От торговли джинсами отказались сразу: большие поставки быстро собьют цену, а с маленькими связываться не стоит. Дольше прорабатывали вариант с мебелью. Дело перспективное. Если джинсы или видеокассеты это скорее предметы роскоши, чем первой необходимости, то качественная, не из фанерованной ДСП, а из цельного дуба или ореха югославская, румынская и финская мебель — хорошее вложение бесполезно лежащих на сберкнижках денег. Останавливала необходимость создания сложной дорогостоящей инфраструктуры: склады, транспорт, проблемы международных перевозок с непредсказуемыми задержками виз и трудностями на таможнях.
Герман уже начал подумывать о том, чтобы вложить свою валюту, как он и хотел, в оснащение кооператива «Контингент» новым высокопроизводительным оборудованием и в модернизацию спортивных тренажеров. Но неразумно было ставить в арендованные цеха дорогостоящие станки, где они останутся практически без присмотра. Можно, конечно, построить собственные производственные помещения, законодательство это допускало. Но где гарантия, что в один прекрасный момент ситуация в верхах не переменится и безудержная перестройка не сменится ужесточением государственного диктата с непременно последующей за этим национализацией средств производства?
Бизнес должен быть мобильным. Он не должен требовать больших капиталовложений. Он должен иметь долгосрочную перспективу. Он должен быть ликвидным. И само собой — достаточно прибыльным.
Всем этим условиям отвечала торговля обувью. На эту идею Герман наткнулся случайно, когда доставал для Кати итальянские сапоги, раздражаясь от того, что на эту ерунду приходится тратить столько времени. За сапоги, магазинная цена которых была сто семьдесят рублей, он отдал глубоко законспирированному барыге четыреста и был рад, что наконец-то с этим покончено. Но через некоторое время задумался. Обувь. Что-то в этом было. Рынок бездонный. Спрос гарантированный — товар первой необходимости. Особенно для женщин, готовых экономить на всем, чтобы купить красивые туфли. Да и для мужчин, которых не устраивает продукция фабрики «Скороход». Капиталовложения минимальные: стоимость товара плюс накладные расходы на транспорт. Если наладить связи с оптовыми покупателями — крупными универмагами и торговыми базами, не нужно никаких складов. Рентабельность? Нужно посчитать.
Иван Кузнецов воспринял предложение Германа без энтузиазма, его даже слегка оскорбила перспектива превратиться из лихого флибустьера, бесстрашно промышляющего в бурном финансовом море, кем он себе казался, в торговца обувью.

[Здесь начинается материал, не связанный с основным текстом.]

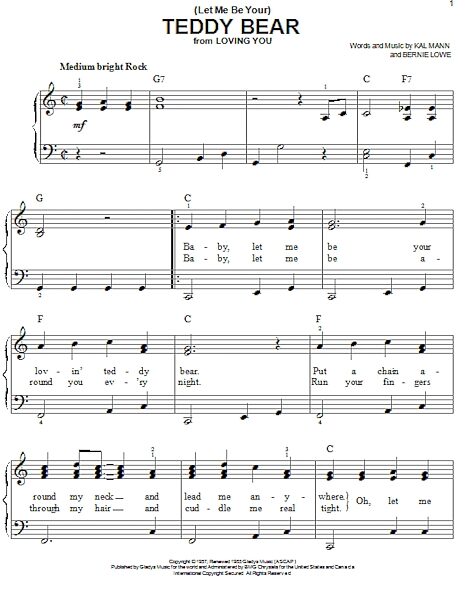 open zoom image for (Let Me Be Your) Teddy Bear - Easy Piano, New, Main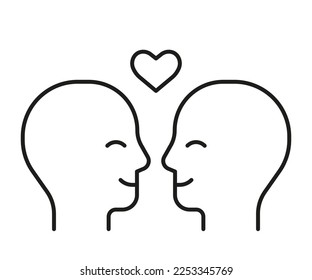 Couple people head profile with love heart, line icon. Face with love feeling, relationship in family. Two lovers look at each other. Valentines day. Vector illustration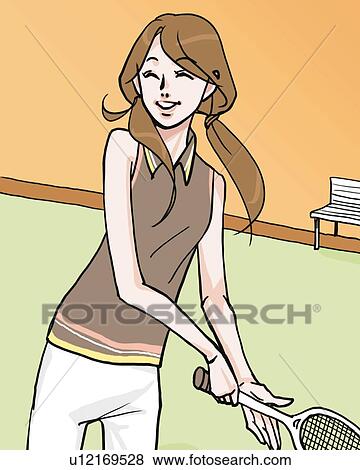 Stock Illustration - Woman smiling and playing tennis, front view, Illustrative Technique. Fotosearch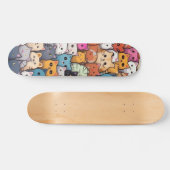 Feline Fantasy: Niedliche Anime Cats Galore Skateboard (Horizontal)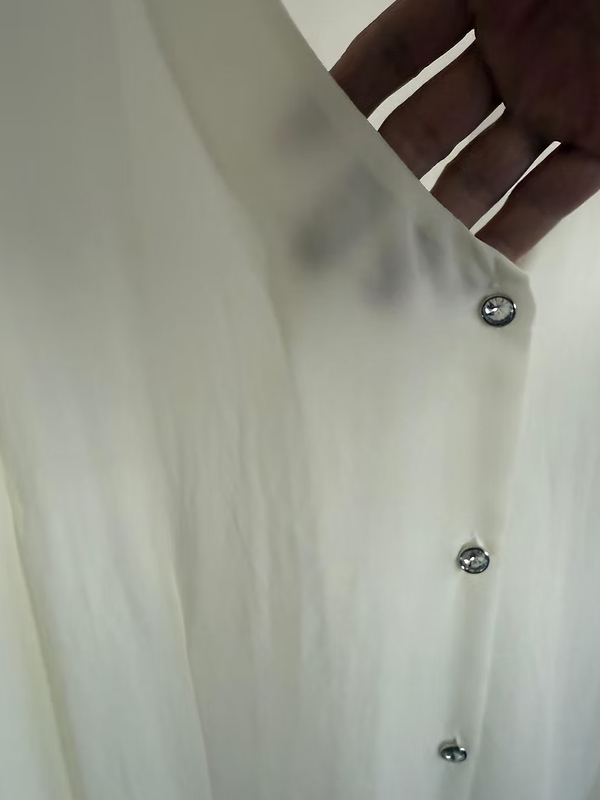 Vintage Şifon Taş Düğmeli Gömlek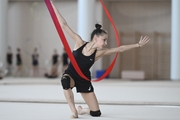 Mariia Borisova during an exercise with a ribbon during preparation training for the BRICS Games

— Но ведь обувью, а не наркотиками, — с усмешкой возразил Тольц. — Мне нравится, Герман, ваша идея. Больше всего знаете чем? В этом бизнесе можно спать спокойно. Почти спокойно, — поправился он. — Давайте прикинем, что из этого может получиться.
Через месяц, после изучения специализированных изданий и всех каталогов, какие удалось достать, стало ясно, что дело может быть очень прибыльным. Особенно если иметь дело не с дорогими фирмами вроде итальянской «Бруно Магли» или западногерманской «Саламандер», а с поставщиками из Югославии или Чехословакии. Как с удивлением выяснил Герман, очень качественную и сравнительно дешевую обувь шили в Южной Азии и особенно в Бразилии. Но Сан-Пауло и Новый Гамбург, центры бразильской обувной промышленности, были практически недосягаемы, поэтому решили начать с Европы.
Провели успешные переговоры с московским представителем чехословацкий фирмы «Батя», подписали контракт. И тут наткнулись на совершенно неожиданное препятствие: Берг отказался переводить предоплату за обувь, заявив в телефонном разговоре с Тольцем, что компаньоны занимаются ерундой. Сейчас есть возможность закупить большую партию видеокассет по полтора доллара, этим и нужно заниматься.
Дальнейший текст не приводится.